Platforms create value in two principal ways. The first way, which corresponds to transaction platform, facilitates transactions between different types of individual and organizations that would otherwise have been difficult finding each other. Examples include Uber, Google search, Amazon Marketplace, and eBay. This is sometimes called multisided platform [11]. There are also innovation platforms, which consist of technological building blocks that are used as a foundation on top of which a large number of innovators can develop complementary services or products. These complementary innovators can be anyone, anywhere in the world, and together they form what is called an innovation ecosystem around the platform.

Within any platform ecosystem, the users value is important because they provide the foundation for the value creation process and business concept of the platform.
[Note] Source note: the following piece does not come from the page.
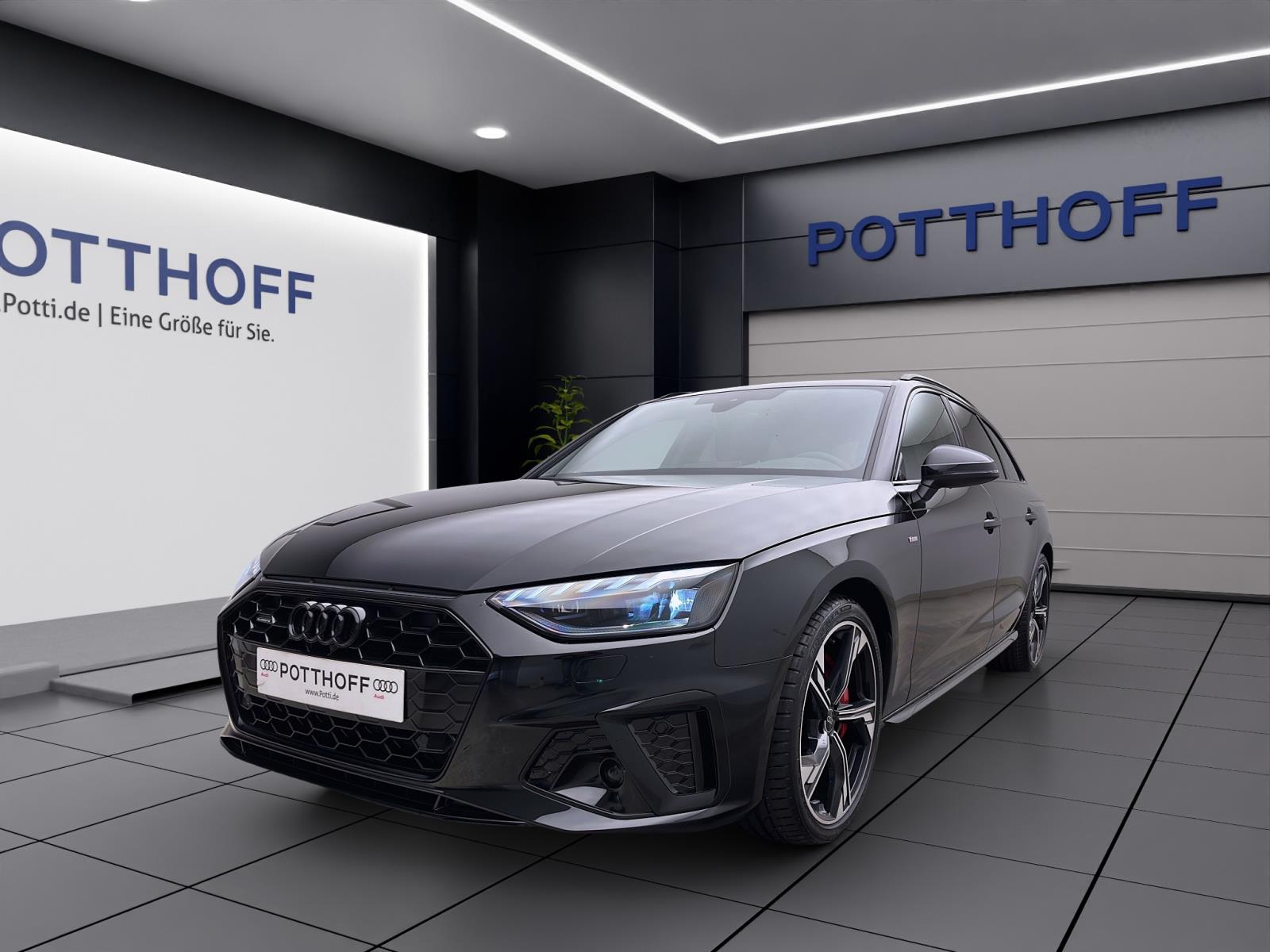 Audi A4 Avant S line 50 TDI quattro 210(286) kW(PS)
The business model is then built on this primary layer of the established. Marketing strategy that is built on this platform has to clearly understand the nature of the value within the platform before synchronizing the business concept within this. Marketers should understand how to match between the value proposed and the platform structure. Segmentation is thus important especially when communicating in multi-platforms.

5.2. Align digital and physical platforms to enhance value

The alignment of organization’s physical-world strategy and its e-strategy requires strategic decisions to be made on issues such as branding, pricing, IT, and channel conflict. Guiding question is what we should do regarding our physical operations and our digital operations. Concerning the channel issue, when adding the electronic channel, we need to determine how to align it with the existing physical channel conflict and setting prices for different channels. In this first issue, if the old and new channels compete for the same group of customers, then this is likely to result in a conflict because of cannibalization effect. The old channel is expected to remain important and the likelihood of a channel conflict is high, then it is essential to address this conflict early on and to find ways to reconcile the interests of the two channels. This can be achieved for instance by creating one unified profit center. For example, in a digital-based grocery, we should

  • apply the same product price

  • charge lower prices

  • charge higher prices.

Advertisement

6. Platform strategy

6.1. Overview

A platform strategy is an approach to entering a market that revolves around the task of allowing platform participants to benefit from the presence of others. In a traditional competitive strategy, it is generally assumed that customers can determine their willingness to pay for the product or the service independently. This assumption breaks down when studying platforms, as the participation of platform participants is interdependent with the choices of other users. This is why the formulation of a platform strategy requires somewhat distinct tools to help platform entrepreneurs and managers tackle the challenges of value creation and value capture [15]. Platforms present different strategic objectives than traditional frameworks for corporate strategy, which will often emphasize concepts like “lean” and “just-in-time” supply chain delivery. Platforms change what it means to lead organizations, forcing them to rethink their strategies, business models, leadership, organizational structures, and approaches to value creation and capture systems. Aiming to become a platform leader entails a vision that extends beyond one’s own firm and aims to build and sustain in an ecosystem of partners, where the platform leader has to be the equivalent of a captain [11].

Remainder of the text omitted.